TASK DATA START
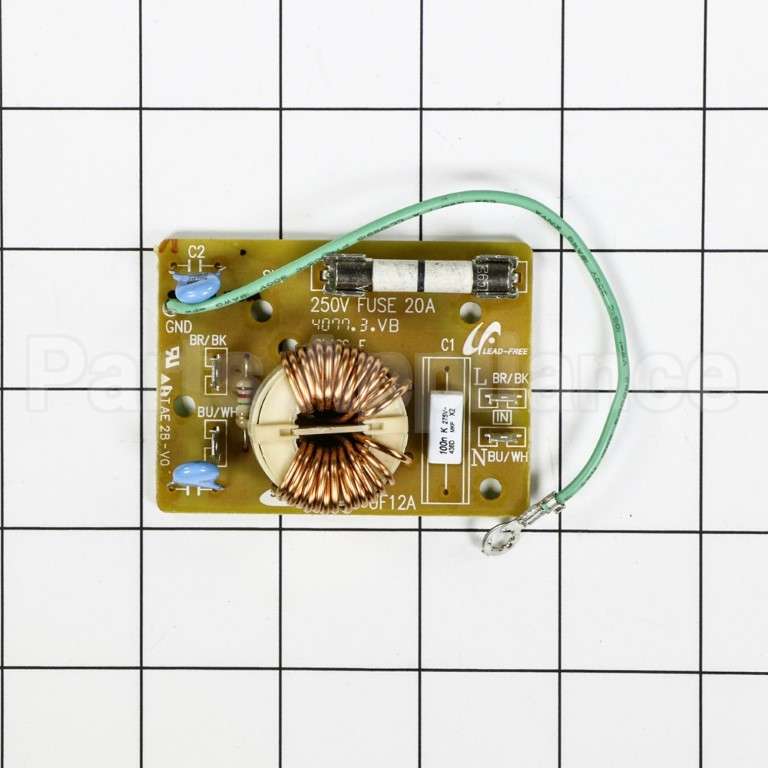DE96-00400A Samsung Assy Noise Filter;Sn-Uf12A,250V/20A,250V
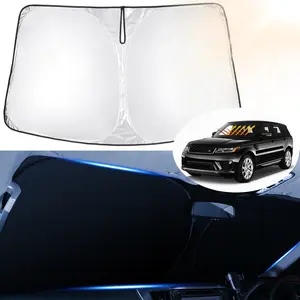 Canvcle Windshield Sun Shade for 2014-2022 Land Rover Range Rover Sport Foldable Sun Visor Protector Blocks UV Rays Keeps Car Cooler 240T 5 Layers Material for Enhanced Protection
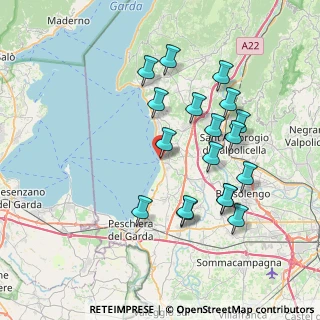 Mappa Via Beccherie, 37017 Lazise VR, Italia (7.33111)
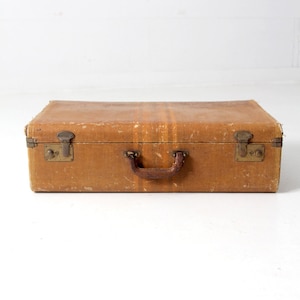 vintage striped suitcase luggage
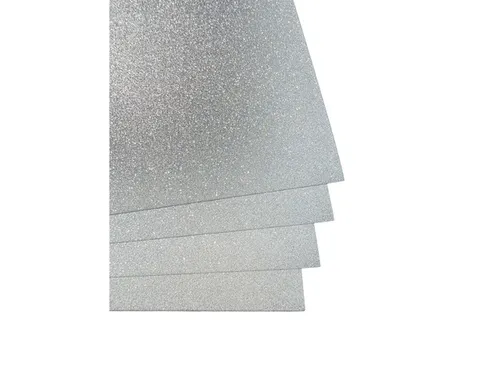 Glitterkarton Kangaro zilver 50x70cm pak à 10 vel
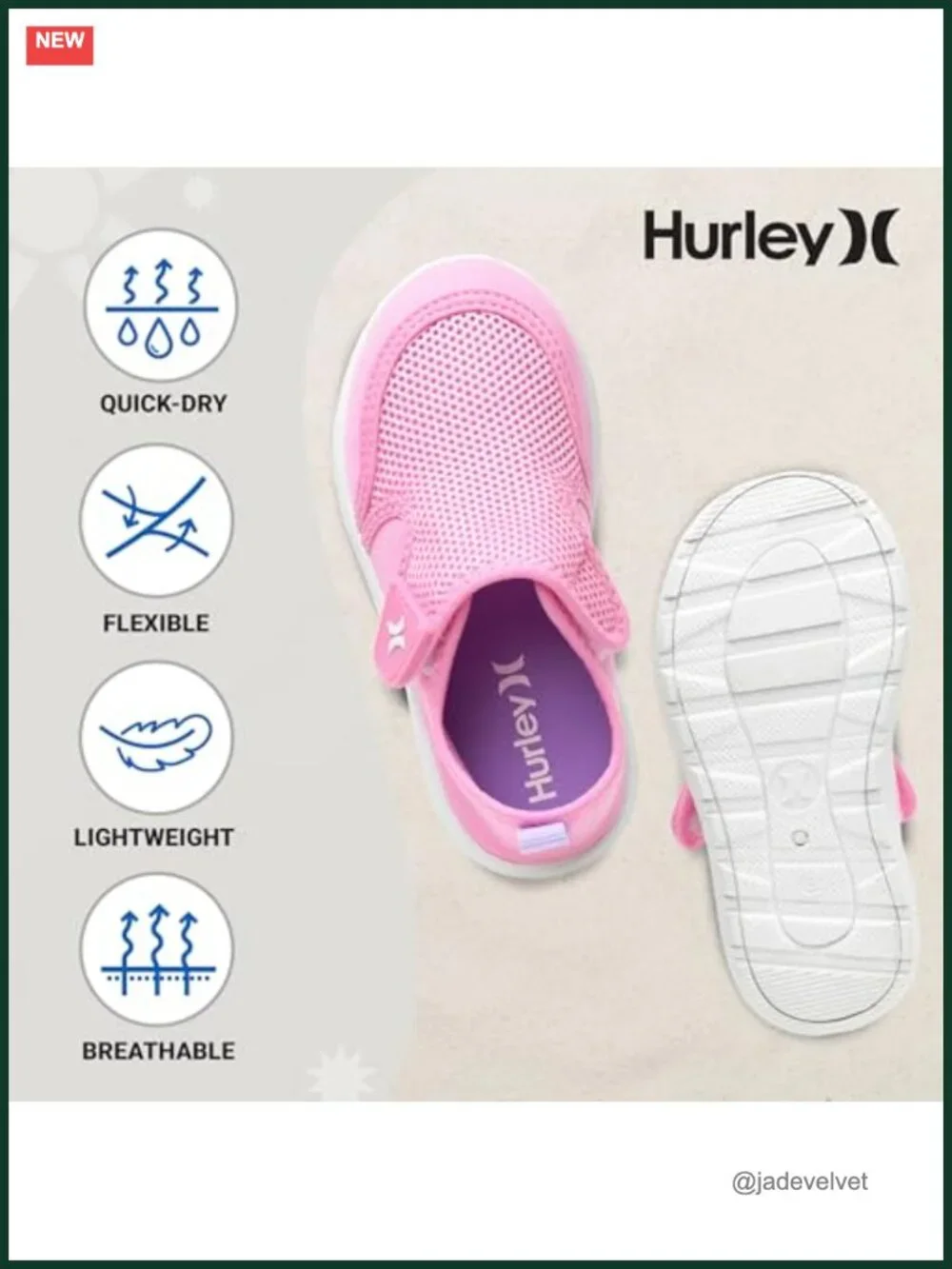 Toddler Water Shoes - Quick-Dry, Lightweight Slip-On with Adjustable Upper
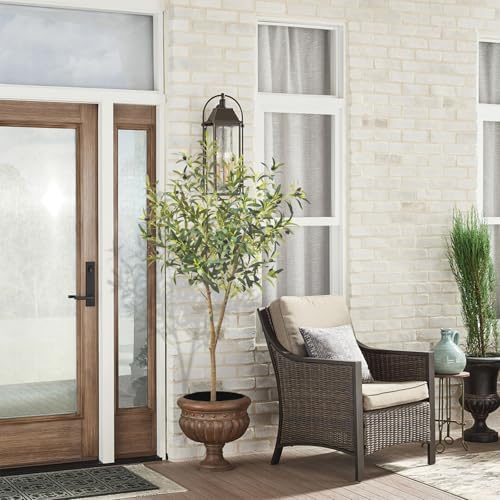 GOVIRAYE Artificial Olive Tree 5ft - Lifelike Indoor Faux Plant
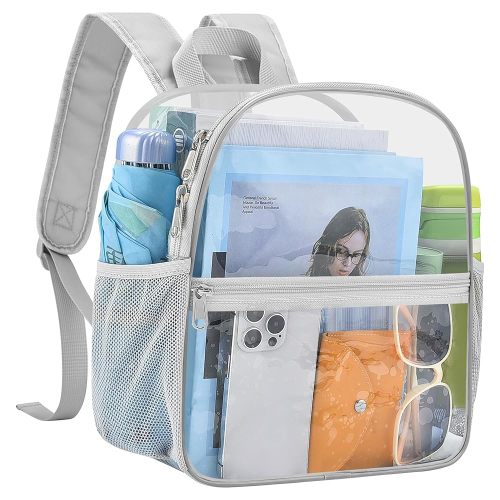 USPECLARE Clear Backpack for Stadium Approved 12×6×12, Water proof Clear Bag for Stadium Events and Concert Work Sport Event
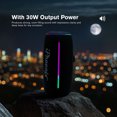 thumbnail image 3 of Altavoz Bluetooth IPHOENIX IP-860 con LED/FM/USB/TWS - Negro, 3 of 7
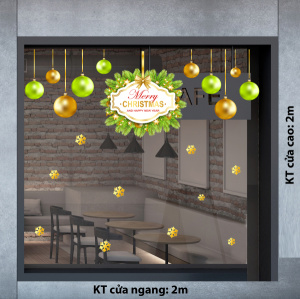 Decal dán tường Decal Noel - Nguyệt quế xanh Decal dán tường Decal Noel - Nguyệt quế xanh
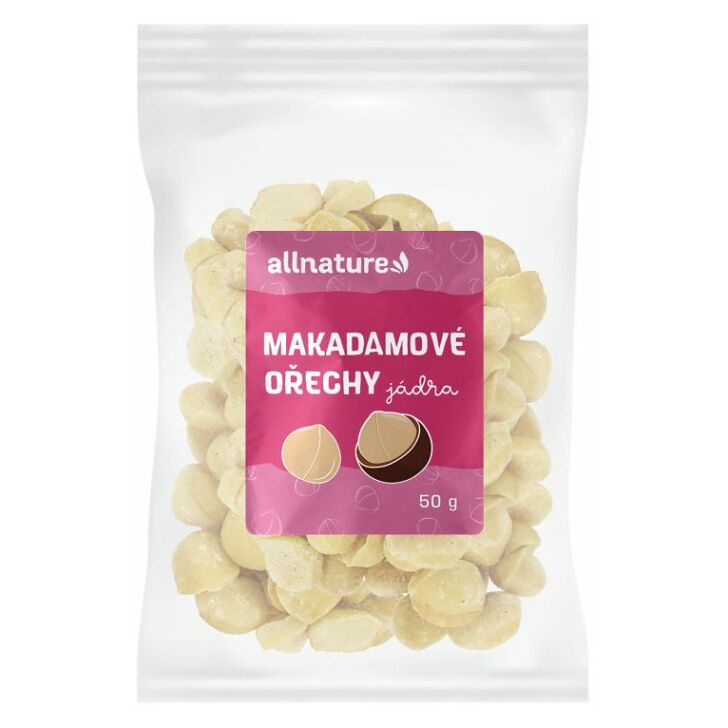 Allnature Makadamové ořechy, 50 g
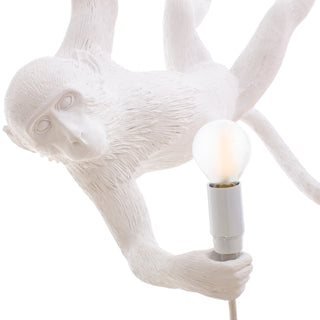 The Monkey Lamp Swing White SELETTI USA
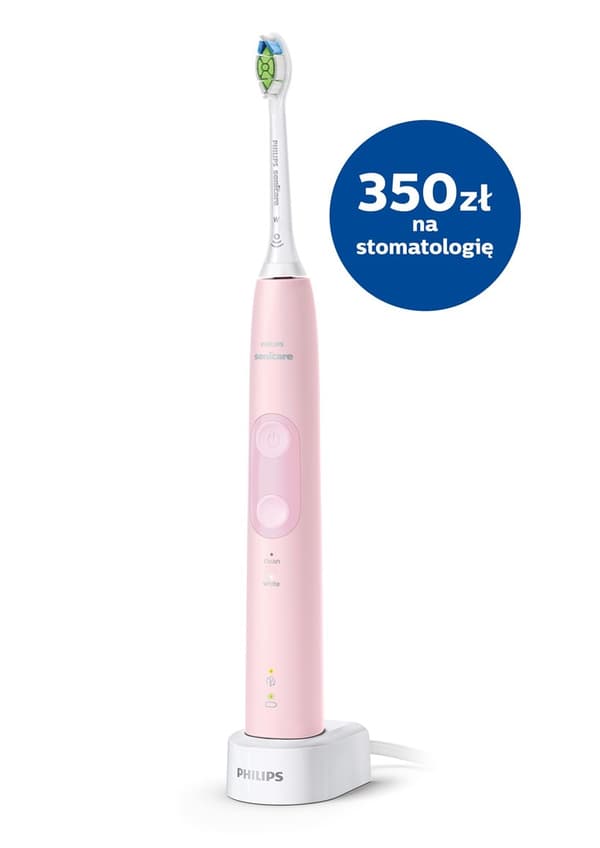 Philips 4500-serien HX6836/24 eltandborste Sonisk tandborste för vuxna Rosa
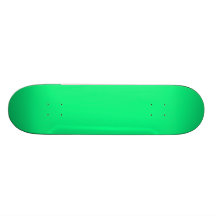 Solid Bright Green Skateboard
TASK DATA END
• [HOW TO COMPLETE THIS TASK]
Set down the records above word for word, from the first line through the line containing "Allnature Makadamové ořechy, 50 g", both included; leave out the pictures.

• [WRITTEN SOLUTION]
DE96-00400A Samsung Assy Noise Filter;Sn-Uf12A,250V/20A,250V
 Canvcle Windshield Sun Shade for 2014-2022 Land Rover Range Rover Sport Foldable Sun Visor Protector Blocks UV Rays Keeps Car Cooler 240T 5 Layers Material for Enhanced Protection
 Mappa Via Beccherie, 37017 Lazise VR, Italia (7.33111)
 vintage striped suitcase luggage
 Glitterkarton Kangaro zilver 50x70cm pak à 10 vel
 Toddler Water Shoes - Quick-Dry, Lightweight Slip-On with Adjustable Upper
 GOVIRAYE Artificial Olive Tree 5ft - Lifelike Indoor Faux Plant
 USPECLARE Clear Backpack for Stadium Approved 12×6×12, Water proof Clear Bag for Stadium Events and Concert Work Sport Event
 thumbnail image 3 of Altavoz Bluetooth IPHOENIX IP-860 con LED/FM/USB/TWS - Negro, 3 of 7
 Decal dán tường Decal Noel - Nguyệt quế xanh Decal dán tường Decal Noel - Nguyệt quế xanh
 Allnature Makadamové ořechy, 50 g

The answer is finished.